Yiannis qui fut un cadre de banque gagnant bien sa vie, a perdu son travail lors de la crise mondiale de 2008. Ces banques chypriotes assuraient d’énormes transferts d’argent entre la Russie et Chypre et même avec Slobodan Milosevic, criminel de guerre serbe.

 

 

 

Alors, pour gagner sa vie, Yiannis s’est laissé entraîner par Seraphim, un camarade d’enfance, dans une activité interdite mais très rémunératrice : le piégeage des oiseaux chanteurs. Que ce soit avec des gluaux ou avec des filets japonais, becs-croisés, mésanges noires, grimpereaux, milans noirs, buses variables, bondrées apivores, pinsons, chardonnerets, et même un faucon crécerelle, ce sont, pour la plupart, des oiseaux migrateurs de passage sur l’île de Chypre.
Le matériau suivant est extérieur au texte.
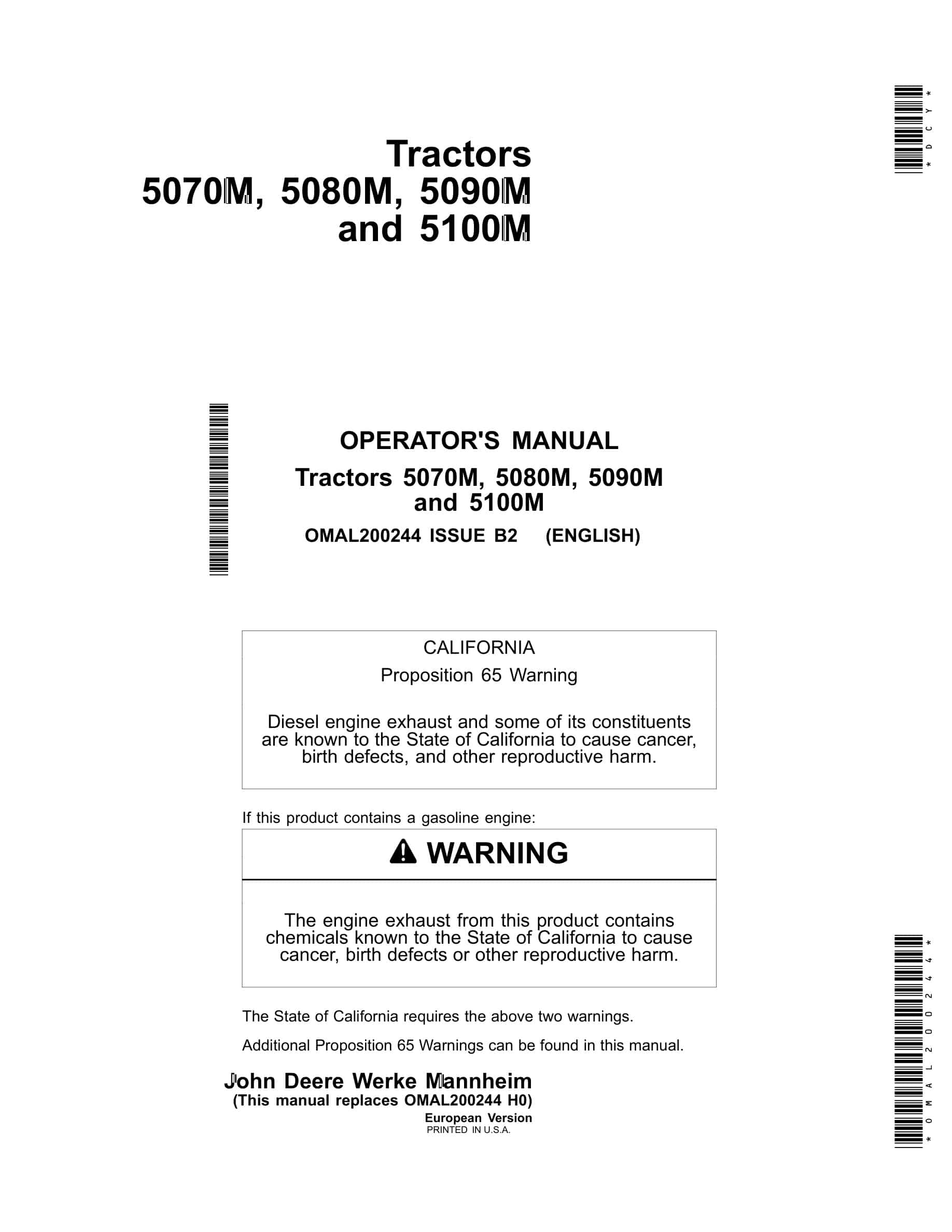 John Deere 5070m, 5080m, 5090m 5100m Tractors Operator Manuals OMAL200244-1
Attirés par des appeaux dont certains sont des oiseaux en cage, ils sont condamnés à une mort certaine – si vous voulez savoir comment ils sont achevés, lisez le livre ! -, plumés et vendus aux restaurants après avoir mariné dans du vinaigre.

 

 

 

Si cela rapporte beaucoup à Yiannis, Les Oiseaux chanteurs le mettent mal à l’aise puis le rendent malheureux. Voilà donc un intérêt supplémentaire au roman de cette autrice née en Angleterre mais dont les parents, Chypriotes, se sont réfugiés de l’autre côté de la Manche après la guerre de 1947 qui a divisé le pays, division toujours en place aujourd’hui. Chypriotes grecs et Chypriotes turcs qui vivaient ensemble jusque-là, se sont combattus et la capitale de cette île, Nicosie, est encore la seule capitale au monde coupée en deux par une frontière…

 

 

Dans Les Oiseaux chanteurs, tout bascule lorsque Nisha disparaît. Christy Lefteri, avec tact et douceur, conduit remarquablement la quête menée par Petra et Yiannis, quête qui se heurte au mépris de la police et suscite des retours en arrière, des souvenirs remontant à la surface, très instructifs.

 

 

Les Oiseaux chanteurs, bien traduit par Karine Lalechère, m’a ému, passionné, intrigué, révolté et je remercie vivement Babelio et les éditions du Seuil pour m’avoir permis de lire ce livre avant la sortie en librairie, en mai prochain. J’espère qu’il sera lu par le plus grand nombre car ce qu’il décrit se passe en 2016, c’est-à-dire hier, dans un pays d’Europe, dénonçant deux scandales qui font honte à notre humanité.